Review: Ant-Man #1
Ant-Man is the latest in the Marvel NOW! launches for characters that previously were better known for their roles in teams. For various reasons, the characters are ones that might never have been thought about whether they could lead their own series, and in Scott Lang’s case it would seem that it is because on the scale of Marvel Heroes that he is considered to be somewhat on the B-list of heroes. Certainly he has his fans, but the question is always whether that and enough buzz is enough to carry a series by itself. There is also an obvious tie-in to the future, as the upcoming Ant-Man film is likely to generate some interest in the character as well, and this series did have the benefit of premiering one day after the world got its first look at a trailer for the upcoming film.

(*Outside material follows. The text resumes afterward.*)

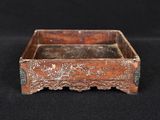 an old wooden box with carvings on it sitting on a black surface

The story takes a lot of this into consideration as it launches the character onto his own. Scott Lang is a very different Ant-Man than Hank Pym, and he is not one that is considered to be one of the smartest characters as is his predecessor. This is made abundantly clear throughout, that Scott while talented in his own ways, tends to be more reactive in his actions than proactive. This is perhaps less true in his heroics than it is in his private life, but both are woven together well here. The story revolves around Scott applying for a job as head of security at Stark Enterprises, and it is an interesting way to fill in his back story for the fans who are less familiar with the character. At the same time, he is shown dealing with the issues in his personal life that are harder for him to juggle than being a superhero, namely his failed marriage and his desire to maintain a parental role with his daughter. There are some high points throughout, particularly when he is competing for the job and then later in the last few pages when he comes to some conclusion over his family, and not any real low points throughout.
The end result is a well-packaged story that is a fun and often times funny read. There will be those that might think to disregard an Ant-Man comic because the hero lacks the same powers as others, but in doing so they would be overlooking a less common occurrence from the big two publishers, namely a story that is character driven more so than plot driven. As shown here, Ant-Man is a person first and a hero second, and with the tone of the book matching the sometimes awkwardly funny personality of the character, this series is likely to have a cult following for as long as it lasts.